Abstract
Potential misclassification of a binary outcome measure is often ignored
in study design, causing considerable loss of power, and threatening the
quality of research. Although there exist studies taking
misclassification into account in data analysis, we argue that it should
be accounted for already in sample size calculation. We illustrate this
by comparing sample sizes needed with and without misclassification in
case of the binomial test. Our sample size procedure, implemented as an
R function, calculates exact power, and accounts for non-monotonicity of
power as a function of sample size, and for potential drop-out or lack
of data in the study. The necessary sample size is computed from the
null proportion p 0, the assumed true proportion
pa, and the probabilities of correct
classification, sensitivity ( Se) and specificity ( Sp).

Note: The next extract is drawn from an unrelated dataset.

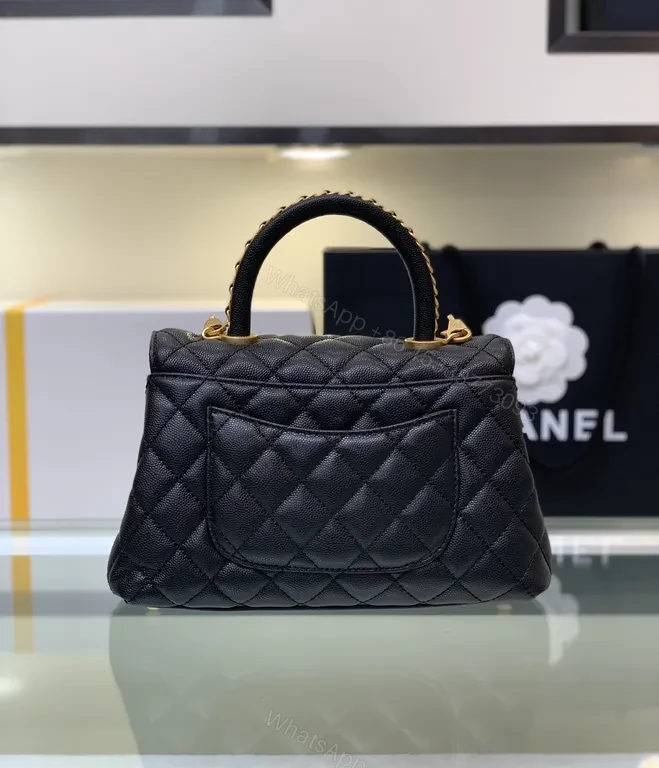 View 5 of Chic Quilted Black Handbag with Gold Twist â€” All-Day Comfort
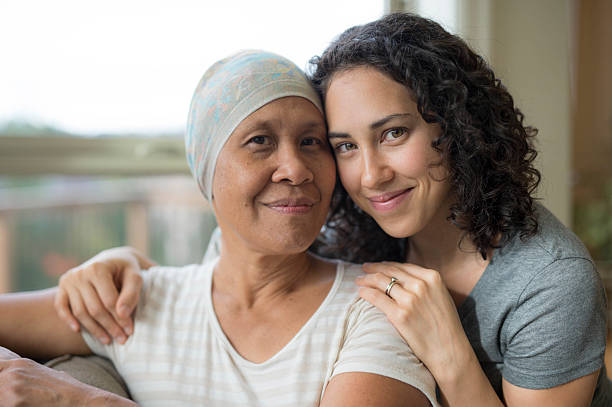Ethnic young adult female hugging her mother who has cancer Ethnic young adult female hugging her mother who has cancer cancer cell photos stock pictures, royalty-free photos & images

Our results show that misclassification may drastically affect the
necessary sample size. For p 0<0.5, the
effect of specificity is stronger than that of sensitivity, whereas for
p 0>.5 it is the other way round.
Effects are strongest when p 0 is near 0 or 1,
especially for one-sided tests with pa located
farther from 0.5 than the null value p 0. For
example, even with Se = Sp = 99%, p
0 = 0.01, and left-sided alternative, sample size is
more than fourfold of that without misclassification (3-fold if p
0=0.02; 1.4-fold if p 0=0.05).